**EXERCISE BRIEF**
Exactly reproduce the lines from the one holding "QUEEN ANNE ACRES - Residential" through the final line of the listing below, with both ends included and nothing else.

**DATASET CONTENT**
········
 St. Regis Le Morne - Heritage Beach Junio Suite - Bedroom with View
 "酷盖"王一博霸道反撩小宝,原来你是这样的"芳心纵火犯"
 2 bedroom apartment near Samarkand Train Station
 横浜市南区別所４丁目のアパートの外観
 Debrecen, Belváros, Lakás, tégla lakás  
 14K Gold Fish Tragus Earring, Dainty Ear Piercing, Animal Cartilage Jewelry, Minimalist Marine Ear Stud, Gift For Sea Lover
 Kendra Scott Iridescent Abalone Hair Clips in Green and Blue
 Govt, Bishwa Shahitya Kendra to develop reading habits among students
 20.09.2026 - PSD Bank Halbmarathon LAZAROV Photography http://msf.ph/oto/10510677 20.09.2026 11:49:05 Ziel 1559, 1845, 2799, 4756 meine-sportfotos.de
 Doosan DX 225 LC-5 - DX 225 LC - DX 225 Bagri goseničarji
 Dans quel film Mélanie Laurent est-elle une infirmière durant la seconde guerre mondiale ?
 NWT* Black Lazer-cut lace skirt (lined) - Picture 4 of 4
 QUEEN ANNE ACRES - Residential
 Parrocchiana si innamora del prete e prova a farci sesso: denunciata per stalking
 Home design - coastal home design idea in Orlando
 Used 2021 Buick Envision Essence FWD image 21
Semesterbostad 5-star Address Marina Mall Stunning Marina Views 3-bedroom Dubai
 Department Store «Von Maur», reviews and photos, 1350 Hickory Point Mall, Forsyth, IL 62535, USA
········
**YOUR RESPONSE**
 QUEEN ANNE ACRES - Residential
 Parrocchiana si innamora del prete e prova a farci sesso: denunciata per stalking
 Home design - coastal home design idea in Orlando
 Used 2021 Buick Envision Essence FWD image 21
Semesterbostad 5-star Address Marina Mall Stunning Marina Views 3-bedroom Dubai
 Department Store «Von Maur», reviews and photos, 1350 Hickory Point Mall, Forsyth, IL 62535, USA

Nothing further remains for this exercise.